How to handle with outliers is an ongoing issue. Whether as a request or as a question to the helpdesk, because it is seen as a problem that the evaluation has "so few" measured values. Therefore, before the outlier treatment is actually performed, it is up to the customer to decide whether and how to perform it. This is a multi-faceted and complex issue, which is already covered in detail in the evaluation strategy manuals, but the focus here should be on general understanding. This article may need to be read iteratively several times. And it is recommended that this is discussed in the project or in a training session.
Outliers in the machine and the process capability analysis
The technical possibilities are the same in both modules, the Sample Analysis and the Process Capability Analysis. But the philosophical approach is different.

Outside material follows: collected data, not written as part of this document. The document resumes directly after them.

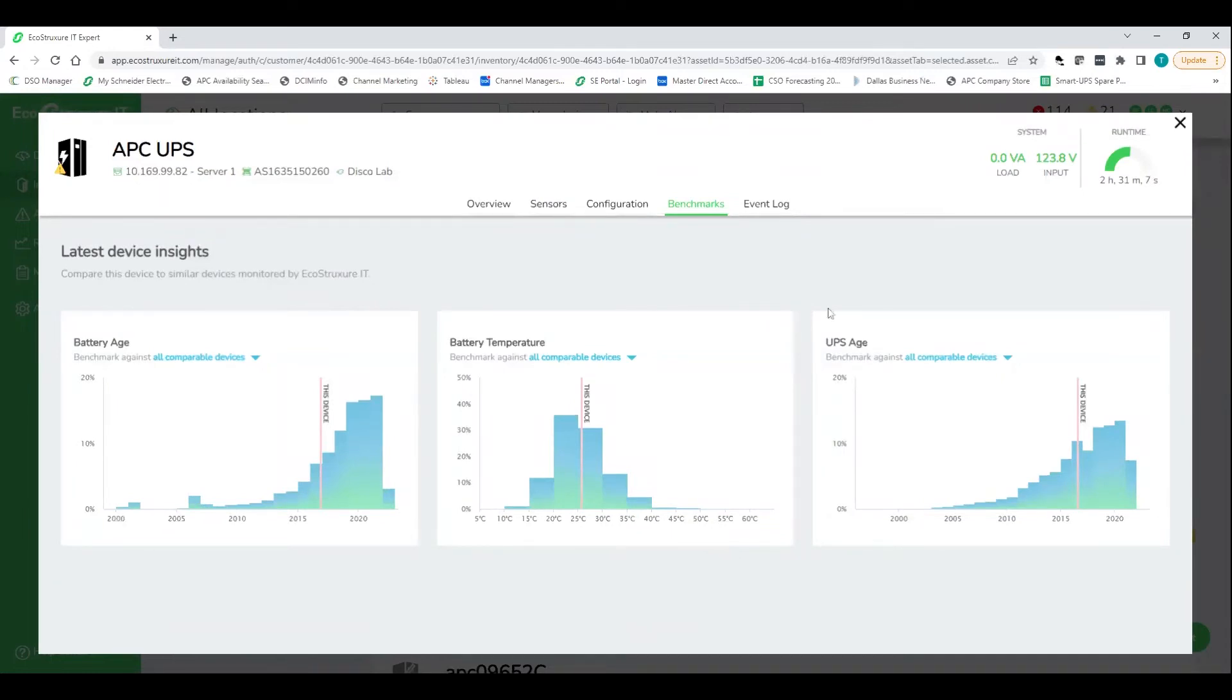And so this is showing your customer in a real easy, straightforward way, where do you guys stand versus what we would call industry standard. So you can see here just as an example, the battery age is back from, let's say, 2016 or so.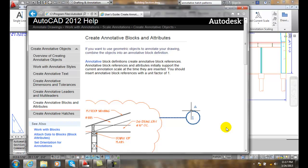Annotative blocks and attributes. An annotative block is classified as a schematic block, and a schematic block is one that is originally drawn at a 1 to 1 scale.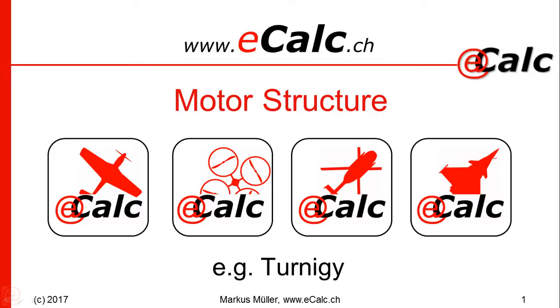Hi, this is Markus from eCalc. Today I would like to talk about the structure of the motor drop-down list.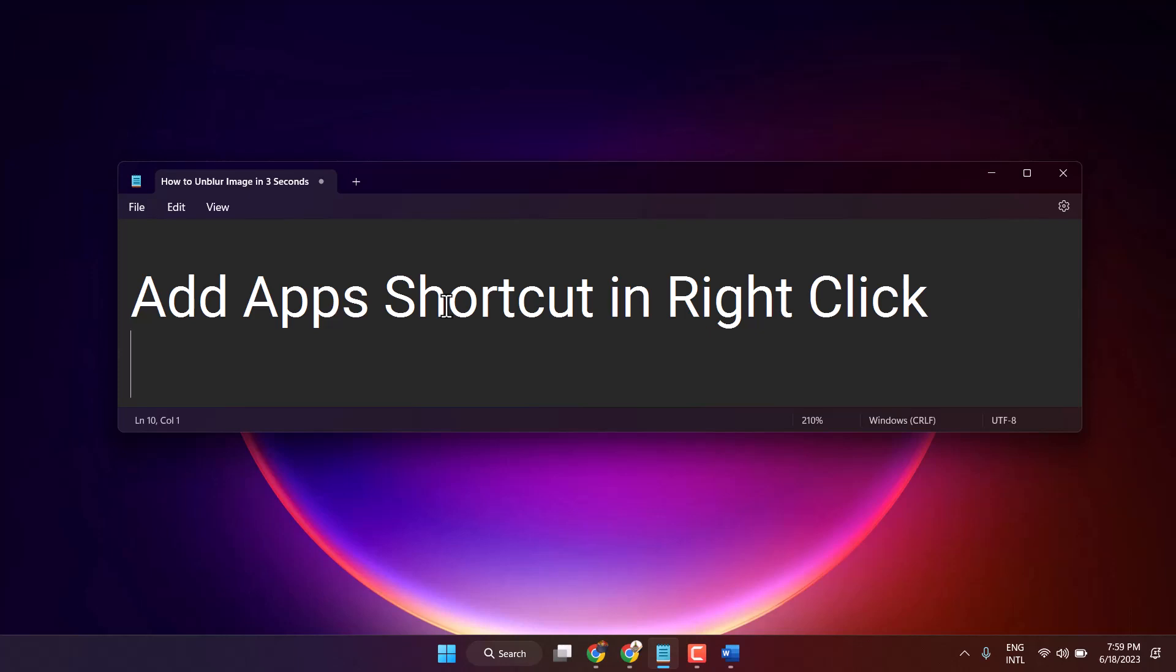Hello guys, in this video I will show you how to add an app shortcut in the right-click menu in Windows 11. This method will also work in Windows 10.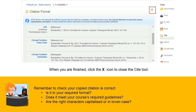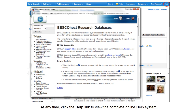When you are finished, click on the X icon to close the Cite tool. Remember to check your copied citation. Is it in your required format? Does it meet your course's required guidelines? Are the right characters capitalized or in lower case?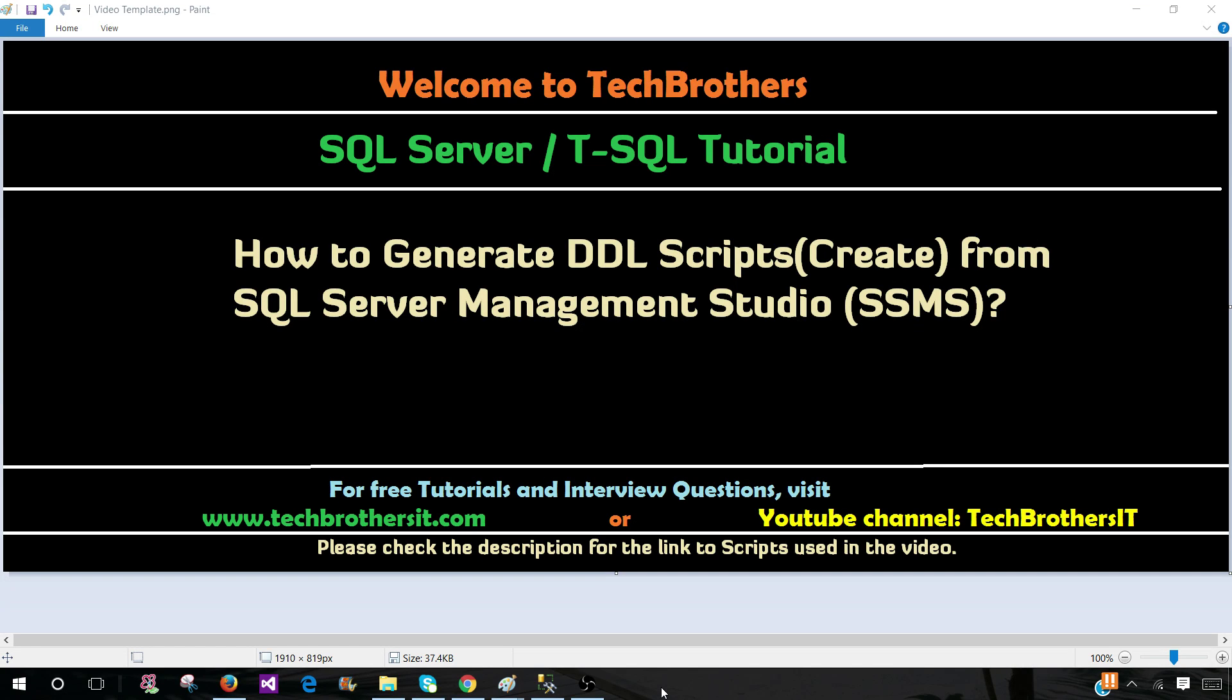Welcome to Tech Brothers with Amir. In this video, we are going to learn how to generate DDL, data definition language scripts such as create statements from SQL Server Management Studio.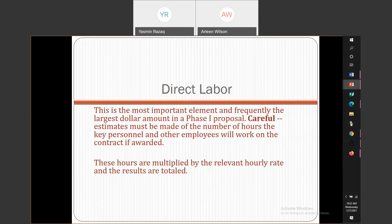So you're going to be looking at what they're going to pay and how many hours they're going to be working on that contract per year. The hours worked are multiplied by the specific hourly rate and the results give you the total direct labor cost.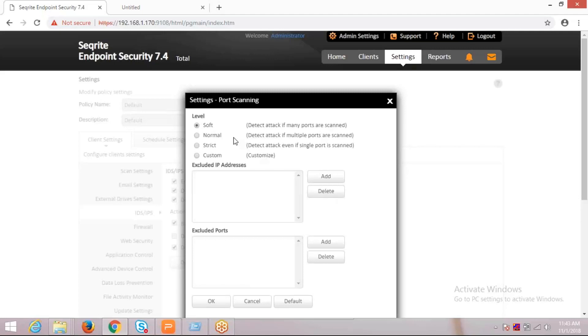There are four levels provided to set the port scanning attack detection. The first is the soft level, which detects attacks in case of many ports scan. In normal mode, it detects in case of multiple ports scan. In strict mode, it detects single port scans.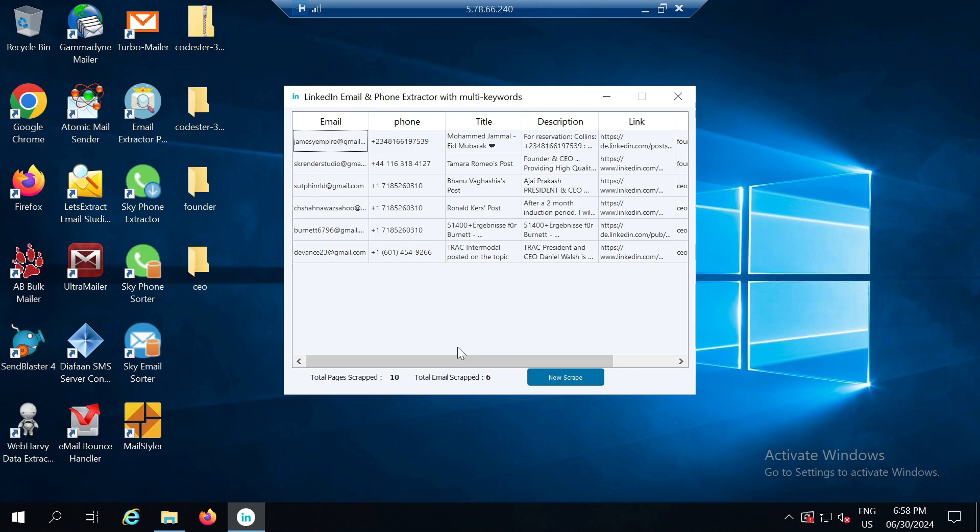That's all for this video. If you need this software, again the download link is available in the video description. You can download it from there. Thank you for your time.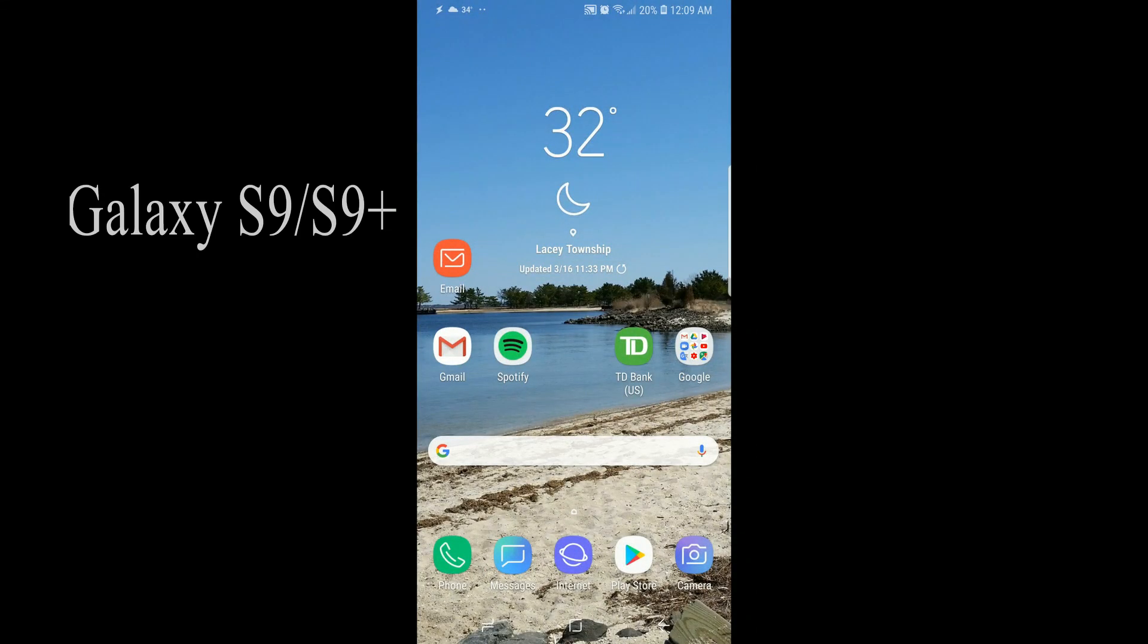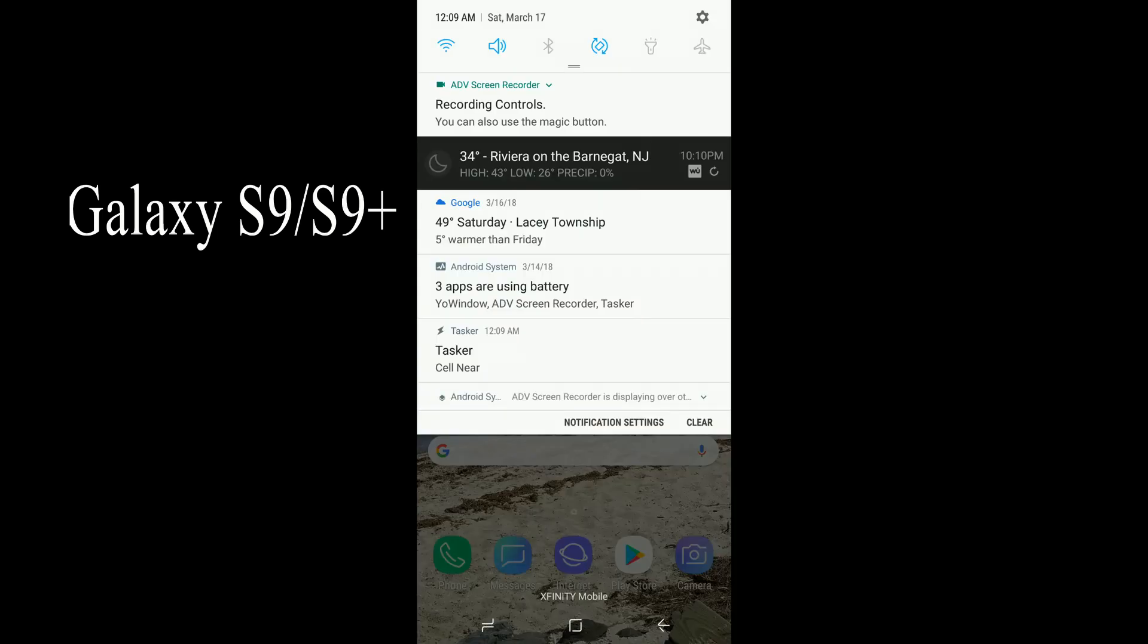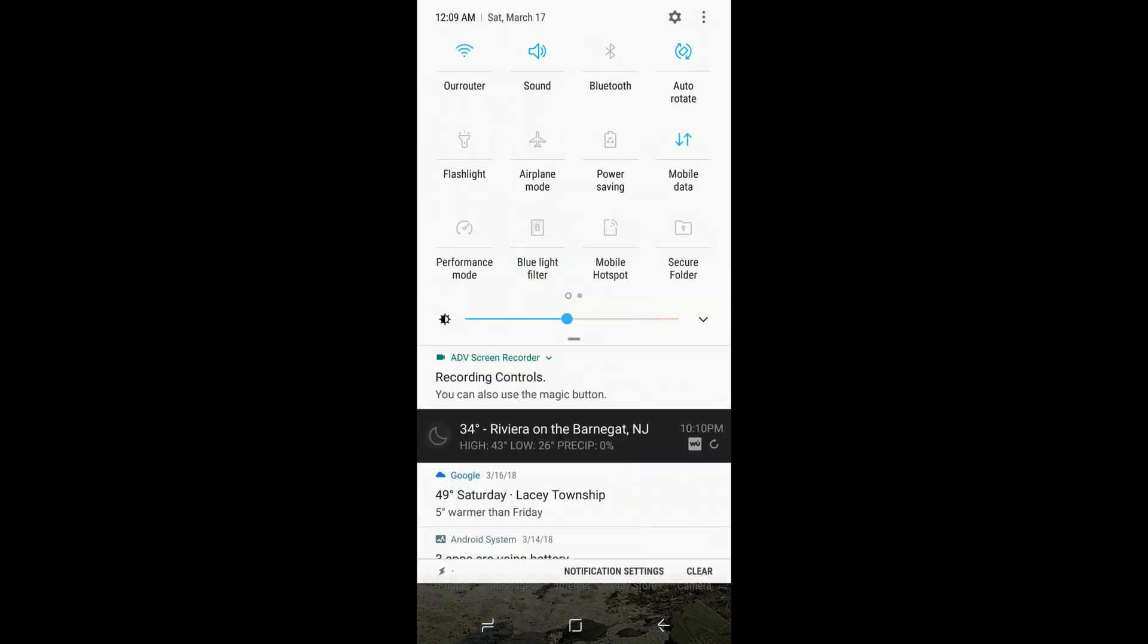If you just got your new Galaxy S9 or S9 Plus and want to find out how to get the display brightness control on your main screen instead of having to pull it down twice, keep watching and I'll show you how.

Outliers in process capability analysis are perfectly normal for many customers. Continuous data flow, automatic recording mechanisms, problems with incorrect measured values can occur anywhere. But not when it comes to sample analysis, to the analysing machine capabilities! A machine capability should be performed under control! So can there be outliers? Not really. There is a reason why the possibilities are still there: IF outliers are found, i.e. it must be assumed that no control of the data recording has taken place, you can then define in the machine capability that, no matter how good the process would still be towards the end, the process is output as conditionally capable or even as not capable BECAUSE outliers were found.
Types of outliers
A distinction is made between:
"outliers based on limit values" and "mathematical outliers"
And
"Automatic outlier consideration during evaluation" and "manual outlier consideration"
Outliers based on limit values
A value 'x' is above or below the specified limits and is therefore defined as an outlier. Various options are available in the 'Preparation' tab of the strategy.